The Archbishop of Canterbury says he is “embarrassed” by the revelations that the Church of England helped to fund the payday lender Wonga.
The Church of England called for an investigation into its own pension fund after it emerged it had links to Wonga – the payday lender the Archbishop of Canterbury said he wants to take on.
The Financial Times said the fund, which claims to have a strong ethical investment policy that explicitly bans companies involved in payday lending, has invested in Accel Partners, the US venture capital firm that led Wonga’s 2009 fundraising.
It comes after The Most Rev Justin Welby said the Church of England wants to “compete” Wonga out of existence as part of its plans to expand credit unions as an alternative to payday lenders.
Speaking on BBC Radio 4 Today’s programme the archbishop said he was embarrassed on a scale of “eight” out of ten.
He said: “I was irritated for a few minutes but, you know, these things happen. I understand the business, it’s an incredibly complex business.
“It shouldn’t happen, it’s very embarrassing, but these things do happen. We have to find out why and make sure it doesn’t happen again.”
Speaking about payday lender Wonga the archbishop appeared to distance himself from suggestions that he wanted to take the firm on.
He said: “Funnily enough, I never took on Wonga in particular. The context was talking about the entire payday lender movement. Wonga is actually a very professionally managed company. Errol Damelin, the chief executive, is a very clever man, runs it extremely well.”
He insisted, however, that he was not backtracking from his commitment to clamp down on the industry.
“We need to provide a proper alternative to these very, very costly forms of finance. The worst people are not Wonga. There are plenty of others much worse.”
Mr Welby said it was the media that had singled Wonga out from a wider point he wanted to make about payday lenders.
He added: “I didn’t pick on Wonga – it’s the press that picked on Wonga more than I did,” he added.
In a conversation with Mr Damelin, he said, the chief executive had said: “It would drive people into the hands of the loan sharks” – “which I entirely agree with”, said the archbishop.
“If we try and cap interest rates and drive the legal payday lenders through regulation, people – because they’re desperate and there’s no consumer choice in a lot of deprived areas – will end up with the loan sharks, which are just a totally different kettle of fish, very much worse,” he said.
Speaking about how much the church is allowed to invest in other businesses, Mr Welby said: “We’re allowed to invest in a company where less than 25% of its business is in this area.”
Although he said this figure was too high, he suggested his ability to change the church’s investment practice was beyond his power.
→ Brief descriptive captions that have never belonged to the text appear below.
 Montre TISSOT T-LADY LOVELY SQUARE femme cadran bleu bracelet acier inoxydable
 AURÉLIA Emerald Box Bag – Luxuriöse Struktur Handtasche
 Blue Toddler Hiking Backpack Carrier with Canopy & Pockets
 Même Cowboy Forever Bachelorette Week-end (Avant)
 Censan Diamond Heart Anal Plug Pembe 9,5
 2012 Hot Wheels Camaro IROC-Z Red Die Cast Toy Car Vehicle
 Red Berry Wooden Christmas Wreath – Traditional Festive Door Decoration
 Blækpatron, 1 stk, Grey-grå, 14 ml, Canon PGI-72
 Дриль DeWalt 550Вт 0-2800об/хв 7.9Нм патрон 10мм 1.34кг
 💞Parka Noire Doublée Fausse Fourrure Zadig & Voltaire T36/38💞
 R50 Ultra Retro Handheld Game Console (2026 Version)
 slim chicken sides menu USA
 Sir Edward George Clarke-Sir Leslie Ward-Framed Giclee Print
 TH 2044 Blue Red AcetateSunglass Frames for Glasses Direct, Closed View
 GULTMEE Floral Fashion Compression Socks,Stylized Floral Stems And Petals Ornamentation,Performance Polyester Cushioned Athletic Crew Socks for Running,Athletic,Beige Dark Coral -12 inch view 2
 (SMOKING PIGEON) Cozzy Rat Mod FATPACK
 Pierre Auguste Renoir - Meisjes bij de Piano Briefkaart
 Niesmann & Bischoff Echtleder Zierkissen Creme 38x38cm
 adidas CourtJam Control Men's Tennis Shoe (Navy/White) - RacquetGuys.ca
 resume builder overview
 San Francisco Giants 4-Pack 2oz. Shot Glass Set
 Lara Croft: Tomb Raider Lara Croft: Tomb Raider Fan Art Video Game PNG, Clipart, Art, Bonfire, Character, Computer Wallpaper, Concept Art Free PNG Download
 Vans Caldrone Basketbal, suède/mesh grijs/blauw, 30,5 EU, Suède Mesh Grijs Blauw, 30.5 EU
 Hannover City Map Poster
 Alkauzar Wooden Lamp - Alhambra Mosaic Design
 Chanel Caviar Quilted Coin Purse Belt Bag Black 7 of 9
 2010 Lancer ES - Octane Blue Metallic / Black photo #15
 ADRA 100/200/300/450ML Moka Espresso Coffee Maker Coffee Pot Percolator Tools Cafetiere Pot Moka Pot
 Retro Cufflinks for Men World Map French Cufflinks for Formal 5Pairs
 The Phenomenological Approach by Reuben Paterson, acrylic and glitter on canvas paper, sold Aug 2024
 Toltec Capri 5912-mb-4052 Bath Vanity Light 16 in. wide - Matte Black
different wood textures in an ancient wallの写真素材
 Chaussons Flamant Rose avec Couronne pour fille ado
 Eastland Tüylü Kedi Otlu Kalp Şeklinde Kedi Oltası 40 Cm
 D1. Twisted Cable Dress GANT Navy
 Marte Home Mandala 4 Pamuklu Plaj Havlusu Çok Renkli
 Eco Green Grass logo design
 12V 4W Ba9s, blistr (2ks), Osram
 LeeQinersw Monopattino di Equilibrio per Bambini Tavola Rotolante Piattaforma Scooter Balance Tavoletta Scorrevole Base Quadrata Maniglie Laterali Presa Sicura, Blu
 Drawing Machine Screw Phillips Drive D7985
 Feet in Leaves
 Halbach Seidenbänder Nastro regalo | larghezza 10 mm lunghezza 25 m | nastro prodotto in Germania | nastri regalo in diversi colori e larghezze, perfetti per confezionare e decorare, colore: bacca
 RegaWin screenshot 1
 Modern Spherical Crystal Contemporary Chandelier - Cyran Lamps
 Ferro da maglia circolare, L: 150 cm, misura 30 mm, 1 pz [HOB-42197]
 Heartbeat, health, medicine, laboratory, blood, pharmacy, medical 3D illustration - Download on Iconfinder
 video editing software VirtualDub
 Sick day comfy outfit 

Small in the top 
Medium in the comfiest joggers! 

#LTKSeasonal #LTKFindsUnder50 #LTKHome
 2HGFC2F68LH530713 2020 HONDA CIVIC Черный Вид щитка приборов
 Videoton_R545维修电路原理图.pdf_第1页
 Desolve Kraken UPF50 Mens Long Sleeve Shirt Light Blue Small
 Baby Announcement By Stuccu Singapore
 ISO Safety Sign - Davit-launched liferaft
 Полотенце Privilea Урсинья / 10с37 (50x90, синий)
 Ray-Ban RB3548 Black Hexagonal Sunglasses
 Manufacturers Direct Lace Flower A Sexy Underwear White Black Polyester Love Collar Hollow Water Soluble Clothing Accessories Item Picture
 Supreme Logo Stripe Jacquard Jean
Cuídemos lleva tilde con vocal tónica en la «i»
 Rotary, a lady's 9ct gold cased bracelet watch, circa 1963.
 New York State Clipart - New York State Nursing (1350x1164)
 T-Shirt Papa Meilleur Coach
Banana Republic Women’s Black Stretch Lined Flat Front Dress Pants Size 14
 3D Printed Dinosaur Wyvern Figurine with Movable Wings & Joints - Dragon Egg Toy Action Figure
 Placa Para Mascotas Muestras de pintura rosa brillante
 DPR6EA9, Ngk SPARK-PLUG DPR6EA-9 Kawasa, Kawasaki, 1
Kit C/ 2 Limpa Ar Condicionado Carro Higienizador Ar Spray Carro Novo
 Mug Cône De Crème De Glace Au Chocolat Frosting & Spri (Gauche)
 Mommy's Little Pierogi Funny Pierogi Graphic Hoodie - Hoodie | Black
He said: “My own view is that that is probably too high a level. It is an ethical investment advisory group, I don’t have authority to tell them what to do.”
The archbishop has been keen to clamp down on short-term loan firms, which are often characterised by high interest rates and swift approval times, by setting up a credit union for the clergy.
He was backed yesterday by Business Secretary Vince Cable, who said the government was looking at better regulation of the industry as well as a bar on advertising high interest loans to people who can ill-afford to pay them back.
But the FT said the pension fund investment – despite being only a few million pounds, according to its source – threatened to undermine the archbishop’s pledges to take on the payday lenders.
The archbishop, who has served on the parliamentary Banking Standards Commission, has said he plans to expand the reach of credit unions as part of a long-term campaign to boost competition in the banking sector.
There are also plans to encourage church members with relevant skills to volunteer at credit unions. Small, local lenders could also be invited to use church buildings and other community locations with the help of church members.
The government announced an investment of £38 million in credit unions in April to help them offer an alternative option to payday lenders.
The entire pay day lending industry, worth £2 billion, was referred last month for a full-blown investigation by the Competition Commission after the trading watchdog uncovered “deep-rooted” problems with the industry.
The Office of Fair Trading (OFT) said it decided to make the referral because it continues to suspect that features of the market “prevent, restrict or distort competition”.
Wonga said in March that it welcomed any attempt to encourage responsible lending and that it has been “instrumental” in helping to raise industry standards.
Mr Damelin, the founder of Wonga, who met Mr Welby recently, said: “The archbishop is clearly an exceptional individual and someone who understands the power of innovation.
“We discussed the future of banking and financial services, as well as our emerging digital society.
“There is mutual respect, some differing opinions and a meeting of minds on many big issues.
“On the competition point, we always welcome fresh approaches that give people a fuller set of alternatives to solve their financial challenges. I’m all for better consumer choice.”